Luzerner Kriminalgericht verurteilt Brandstifter

Der 25-jährige Kosovare hatte ein Auto angezündet

Autobrand (Symbolbild)

Das Luzerner Kriminalgericht hat einen 25-jährigen Mann wegen Brandstiftung zu einer Freiheitsstrafe von zwei Jahren und sechs Monaten verurteilt. Der junge Mann aus dem Kosovo hatte in einer Tiefgarage in Willisau ein Auto angezündet.
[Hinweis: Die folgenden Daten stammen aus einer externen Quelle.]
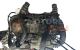 Motor R2PA Ford Transit Connect 1.8 DI (75 cv)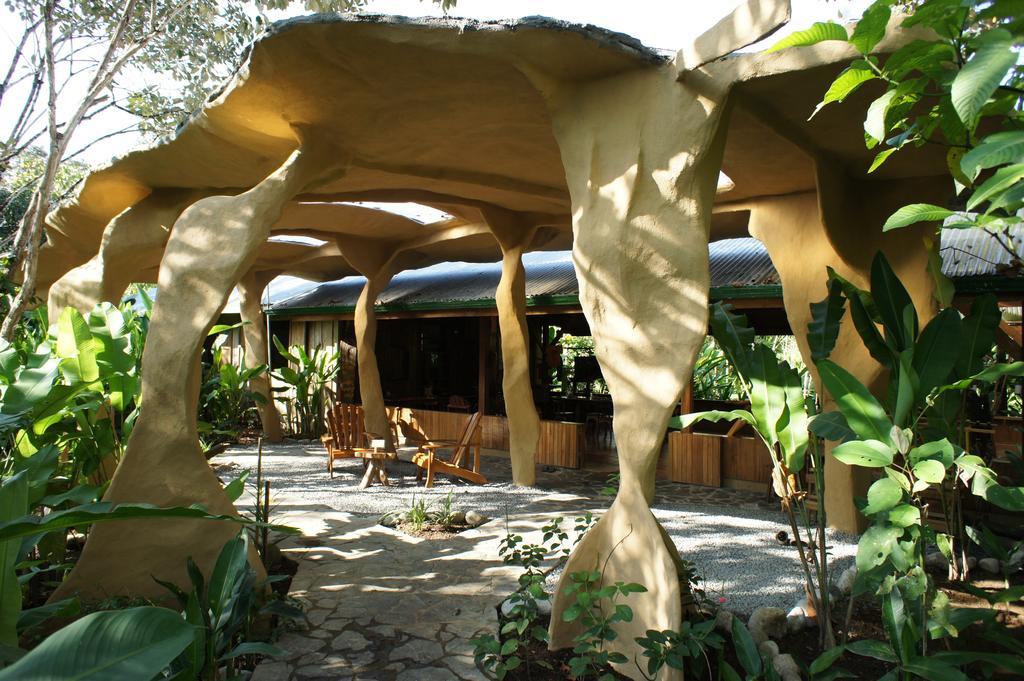 Finca Kobo Palo Seco Rom bilde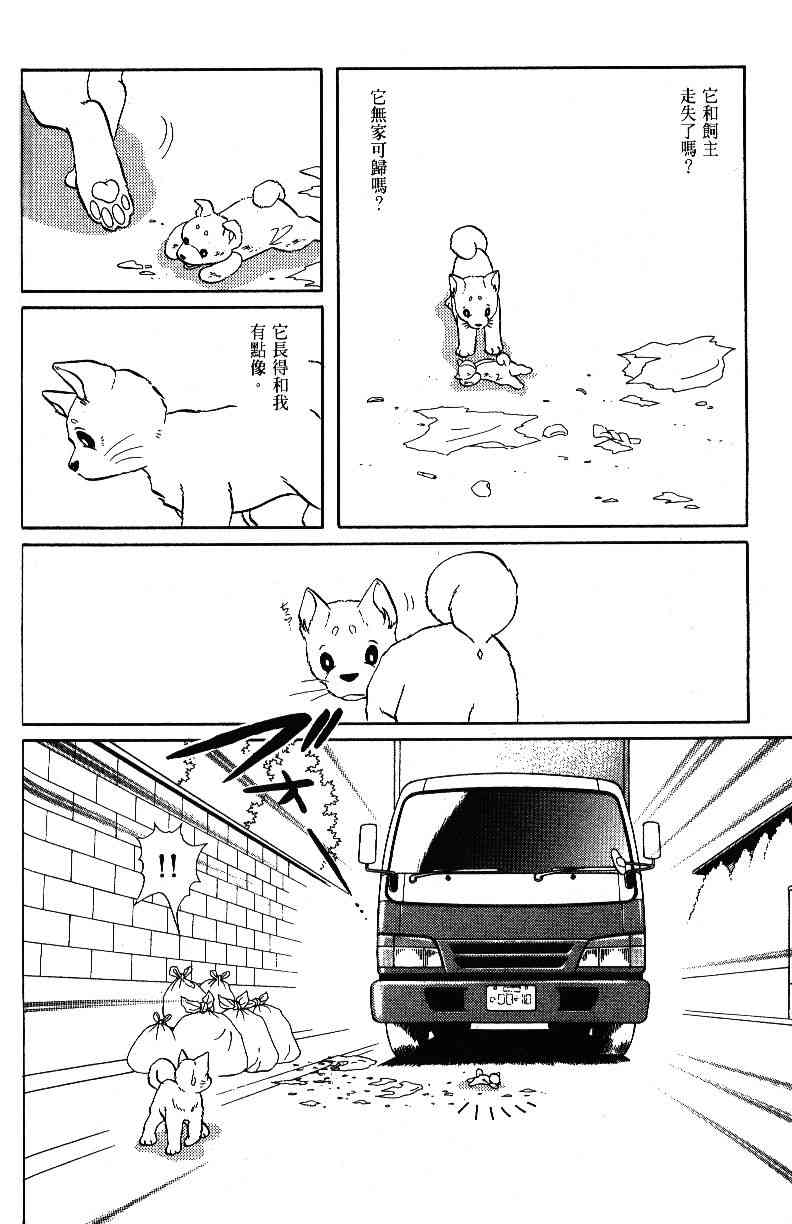 柴王 - VOL04 - 第92张图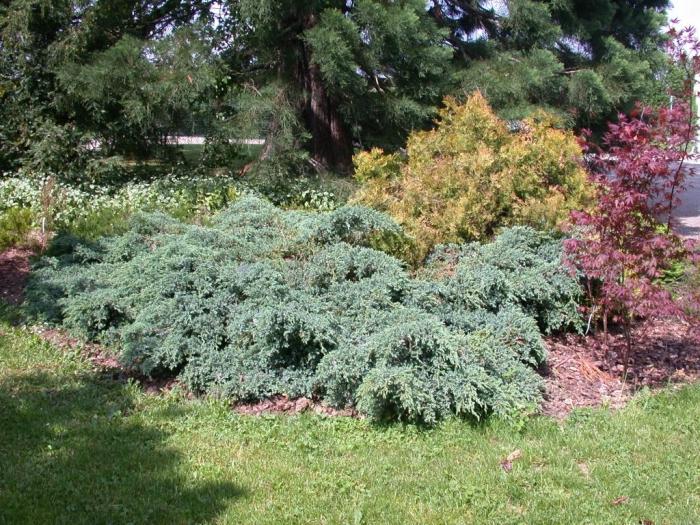 Juniperus Blue Carpet - barnehage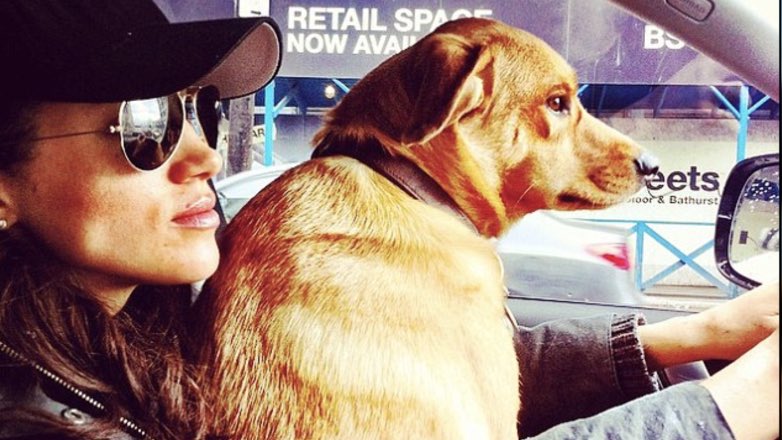 Принц Гарри стал причиной расставания Меган Маркл с лучшим другом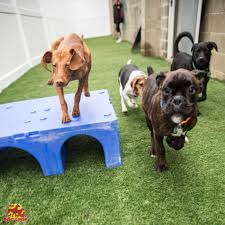 During the week, the dogs enjoy a full day of daycare, and on. Safe Fun And Caring Doggy Daycare Services The Dog Stop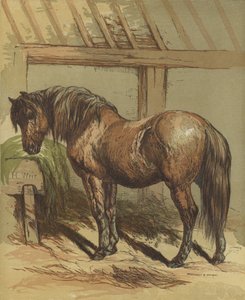 Charlie, le cheval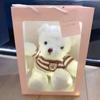 Flash Teddy Bear Plush Toy with Light Bear Doll Gift Box Ragdoll Bear Doll for Girl Birthday Gift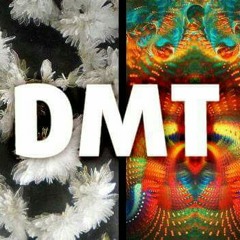 DMT (Prod. By ScumBeats)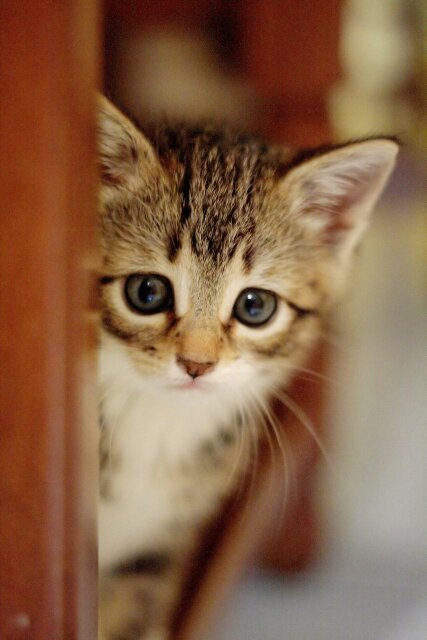 qdhhgvhhb's profile picture. Добрая ')........наверно :D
Die Tat geschah am Silvesterabend 2014 in Willisau. In der Tiefgarage eines Wohnquartiers setzte der heute 25-Jährige in der Region wohnhafte Kosovare seinen geleasten BMW X5 im Wert von 99'000 Franken in Brand. Dadurch wollte er die automatische Auflösung des Leasingvertrages erreichen und sich von den Verpflichtungen, die Leasingraten weiterhin zu bezahlen, befreien. Der junge Mann war bei der Leasingfirma mit über 50'000 Franken verschuldet. Ausserdem war er mit den Leasingzahlungen im Rückstand und hatte die jährliche Kilometerleistung um 10'000 Kilometer überschritten.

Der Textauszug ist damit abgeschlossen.